J’étais roi à Jérusalem, de Laura Ulonati

« Les murailles étaient encore lilas. Je frottais mes paupières ; je guettais cet instant sublime, fugace, où leur éclairage prenait au pourpre d'une vendange juste avant de s'allumer complètement. Quand les rayons du soleil réchauffaient leur horizon de créneaux et de merlons. Sur la pierre, l'aurore se faisait soudain rousse, riche pour couvrir - sans jamais renoncer à sa délicate transparence - le pelage des fauves qui ornaient cette entrée monumentale. »

Laura Ulonati est écrivaine, agrégée en histoire-géographie et enseignante. En cette rentrée littéraire 2025 paraît son quatrième roman, J'étais roi à Jérusalem, tout simplement magnifique.

On y lit la vit d'un musicien, Wasif Jawharriyeh, chrétien orthodoxe de Jérusalem exilé à Beyrouth. Cet homme a réellement existé et a laissé derrière lui une autobiographie toujours disponible en anglais. La voix de ce joueur d'oud est mélodique et le roman donne le sentiment d'être musique, force de transmission indicible. En cela il est poignant à chaque mot, à chaque page et chaque phrase de l'histoire.

Car oui, l'histoire que nous vivons ici, un flot par lequel on se laisse envahir, envoûter, transporter et fluctuer malgré nous, tel le destin qui ballotte les individus, petits humains sensibles et imparfaits. Nos sens nous guident, et nous maintiennent à la surface : les senteurs et les saveurs, les mets culinaires, l'ivresse trouvée dans l'arak ou dans l'amour font palpiter de concert notre palais et notre cœur. Sans oublier les citations de vers de chants, de poèmes ou d'extraits de textes de l'Ecclésiaste dont est issu le titre du roman.

Le roman sur la scène suivante : le narrateur est assis dans une gargote à Beyrouth alors que la radio annonce l'issue de la guerre des six jours. Il commente par une phrase ironique, bêtement drôle ou drôlement bête, en prenant l'oignon qu'il trempe dans son houmous pour métaphore. Il se fait insulter par un jeune homme, et au lieu de se défendre, il se lève et part, ivre et mélancolique. Il entreprend alors de nous conter son histoire, depuis sa naissance en 1897 au cœur de Jérusalem-est jusqu'en 1948 lorsqu'il quitte son pays et s'exile au Liban avec ses enfants.
Si le roman est composé avec la grâce d'un poème, il est malgré tout séquencé chronologiquement avec l'empreinte de chaque événement historique, chaque étape de déconstruction du monde qui était celui de Wasif : «  une façon d'être au monde, une habitude qui était nôtre, qui nous faisait vivre ensemble.

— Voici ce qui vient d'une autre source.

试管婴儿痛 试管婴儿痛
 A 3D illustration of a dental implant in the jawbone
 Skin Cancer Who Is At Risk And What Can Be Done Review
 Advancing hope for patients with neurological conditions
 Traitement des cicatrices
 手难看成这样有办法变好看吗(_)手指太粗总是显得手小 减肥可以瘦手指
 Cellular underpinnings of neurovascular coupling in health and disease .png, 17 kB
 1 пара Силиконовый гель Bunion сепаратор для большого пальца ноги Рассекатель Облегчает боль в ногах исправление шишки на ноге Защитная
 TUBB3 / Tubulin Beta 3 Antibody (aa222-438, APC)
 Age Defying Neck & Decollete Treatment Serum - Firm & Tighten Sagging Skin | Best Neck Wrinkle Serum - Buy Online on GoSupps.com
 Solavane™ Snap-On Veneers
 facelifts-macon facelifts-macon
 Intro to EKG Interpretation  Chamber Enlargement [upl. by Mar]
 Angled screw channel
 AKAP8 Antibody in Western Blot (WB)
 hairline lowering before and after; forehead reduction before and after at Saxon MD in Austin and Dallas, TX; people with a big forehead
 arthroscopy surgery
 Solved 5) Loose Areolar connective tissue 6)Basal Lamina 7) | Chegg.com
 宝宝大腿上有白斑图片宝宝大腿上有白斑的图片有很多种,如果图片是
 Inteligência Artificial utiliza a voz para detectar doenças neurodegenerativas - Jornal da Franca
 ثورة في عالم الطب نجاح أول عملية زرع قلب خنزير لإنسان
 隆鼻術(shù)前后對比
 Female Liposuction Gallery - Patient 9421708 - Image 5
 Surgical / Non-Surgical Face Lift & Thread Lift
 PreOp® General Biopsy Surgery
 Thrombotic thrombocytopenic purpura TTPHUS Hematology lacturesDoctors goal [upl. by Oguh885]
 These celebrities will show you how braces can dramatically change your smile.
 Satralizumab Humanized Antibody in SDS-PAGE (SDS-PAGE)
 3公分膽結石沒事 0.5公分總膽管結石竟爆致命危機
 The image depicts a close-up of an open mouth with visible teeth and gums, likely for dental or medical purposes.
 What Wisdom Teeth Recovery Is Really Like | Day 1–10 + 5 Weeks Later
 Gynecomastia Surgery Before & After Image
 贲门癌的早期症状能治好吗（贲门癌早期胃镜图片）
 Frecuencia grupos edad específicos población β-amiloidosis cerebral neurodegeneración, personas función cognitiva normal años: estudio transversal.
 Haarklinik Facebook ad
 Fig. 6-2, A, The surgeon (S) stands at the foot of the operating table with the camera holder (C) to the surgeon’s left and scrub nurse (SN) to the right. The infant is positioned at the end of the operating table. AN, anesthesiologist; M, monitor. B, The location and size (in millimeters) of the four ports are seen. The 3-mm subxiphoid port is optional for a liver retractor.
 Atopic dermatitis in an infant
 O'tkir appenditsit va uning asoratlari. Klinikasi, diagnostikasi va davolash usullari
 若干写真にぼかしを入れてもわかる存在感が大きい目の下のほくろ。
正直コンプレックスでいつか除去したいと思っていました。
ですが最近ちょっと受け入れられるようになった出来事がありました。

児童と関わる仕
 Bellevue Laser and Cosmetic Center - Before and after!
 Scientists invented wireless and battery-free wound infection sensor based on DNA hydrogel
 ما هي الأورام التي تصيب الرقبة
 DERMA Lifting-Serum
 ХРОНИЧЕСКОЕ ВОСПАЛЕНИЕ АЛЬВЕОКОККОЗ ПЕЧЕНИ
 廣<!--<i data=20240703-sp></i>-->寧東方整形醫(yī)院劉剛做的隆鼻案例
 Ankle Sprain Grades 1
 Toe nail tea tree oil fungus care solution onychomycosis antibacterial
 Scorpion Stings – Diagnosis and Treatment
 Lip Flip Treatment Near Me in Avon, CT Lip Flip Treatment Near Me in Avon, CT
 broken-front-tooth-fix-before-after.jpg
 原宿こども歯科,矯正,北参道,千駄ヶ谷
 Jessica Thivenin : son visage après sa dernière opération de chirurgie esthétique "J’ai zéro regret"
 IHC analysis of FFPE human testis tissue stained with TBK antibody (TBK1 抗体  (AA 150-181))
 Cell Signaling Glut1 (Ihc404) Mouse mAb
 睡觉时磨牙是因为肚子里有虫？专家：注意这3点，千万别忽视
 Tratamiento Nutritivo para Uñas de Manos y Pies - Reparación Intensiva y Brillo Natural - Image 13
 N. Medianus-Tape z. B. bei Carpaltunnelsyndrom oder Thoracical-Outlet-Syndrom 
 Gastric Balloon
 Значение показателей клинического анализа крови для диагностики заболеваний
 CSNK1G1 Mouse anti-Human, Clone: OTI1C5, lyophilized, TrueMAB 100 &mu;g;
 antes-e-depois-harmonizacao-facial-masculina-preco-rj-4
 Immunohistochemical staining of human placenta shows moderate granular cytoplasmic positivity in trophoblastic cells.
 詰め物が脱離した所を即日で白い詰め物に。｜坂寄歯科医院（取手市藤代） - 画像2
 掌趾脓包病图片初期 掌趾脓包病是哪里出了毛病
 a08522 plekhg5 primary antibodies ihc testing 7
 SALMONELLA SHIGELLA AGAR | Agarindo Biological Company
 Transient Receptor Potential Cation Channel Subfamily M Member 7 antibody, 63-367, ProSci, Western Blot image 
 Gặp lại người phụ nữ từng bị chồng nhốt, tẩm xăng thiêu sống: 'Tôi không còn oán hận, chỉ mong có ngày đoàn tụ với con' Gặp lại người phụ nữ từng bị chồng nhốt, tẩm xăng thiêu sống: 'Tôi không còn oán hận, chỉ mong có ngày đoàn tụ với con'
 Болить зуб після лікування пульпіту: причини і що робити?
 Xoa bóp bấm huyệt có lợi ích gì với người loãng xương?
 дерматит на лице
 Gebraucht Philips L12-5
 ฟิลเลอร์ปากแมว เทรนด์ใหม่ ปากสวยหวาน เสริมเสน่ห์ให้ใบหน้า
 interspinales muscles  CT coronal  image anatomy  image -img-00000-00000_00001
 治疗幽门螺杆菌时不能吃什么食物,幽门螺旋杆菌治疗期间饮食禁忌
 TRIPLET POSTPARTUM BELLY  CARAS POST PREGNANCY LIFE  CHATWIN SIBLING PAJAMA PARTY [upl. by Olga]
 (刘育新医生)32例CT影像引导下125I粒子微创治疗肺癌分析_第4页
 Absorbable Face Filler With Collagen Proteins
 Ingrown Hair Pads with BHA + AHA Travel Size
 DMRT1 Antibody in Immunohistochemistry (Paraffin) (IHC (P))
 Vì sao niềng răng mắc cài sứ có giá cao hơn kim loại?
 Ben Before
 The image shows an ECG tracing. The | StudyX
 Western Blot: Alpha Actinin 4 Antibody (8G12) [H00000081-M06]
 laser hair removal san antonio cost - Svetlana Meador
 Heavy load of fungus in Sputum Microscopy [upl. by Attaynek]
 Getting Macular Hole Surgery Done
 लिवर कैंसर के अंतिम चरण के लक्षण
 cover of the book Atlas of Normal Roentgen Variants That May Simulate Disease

Nous, pas les Palestiniens ou les Israéliens. Nous, chrétiens, juifs, musulmans, les gens de Terre sainte comme on disait alors ».
Nous vivons à ses côtés chaque rue de Jérusalem, les villages environnants, Jéricho. Nous vibrons dans les fêtes, les chants, les danses, les soirées arrosées. Et le narrateur, qui se reconnaît très peu parfait, « un mauvais fils, un mauvais mari, un mauvais père, un mauvais patriote », n'en est pas moins lucide à chaque pas, ni moins accablé au fil de l'histoire. Toujours humain, toujours d'abord et avant tout un sublime joueur d'oud et naturellement empli d'un mysticisme inné.

On apprend tant de choses dans ce livre, que l'on savait mais que l'on avait oublié. Le rôle que les Britanniques ont joué dans ce qui fera la meurtrissure et le malheur d'une région. Leur diplomatie politique étrange, fidèle aux recettes du colon, du conquistador. Leur savoir-faire pour découper en parts un gâteau qu'ils estiment le leur, de diviser, de régner et pour cela de faire régner le désordre. On comprend aussi les événements par l'intérieur, par le changement survenu dans la ville de Jérusalem, ses rues, ses quartiers.

Oui, ce roman est une musique sublime qui dit la tragédie et célèbre l'humain, livre avec subtilité les ingrédients qui composent le secret de l'humanité et que nous oublions jour après jour.

J'ÉTAIS ROI À JÉRUSALEM
Laura Ulonati
éd. Actes Sud, 2025

Cet article a été conçu et rédigé par Yassi Nasseri, fondatrice de Kimamori.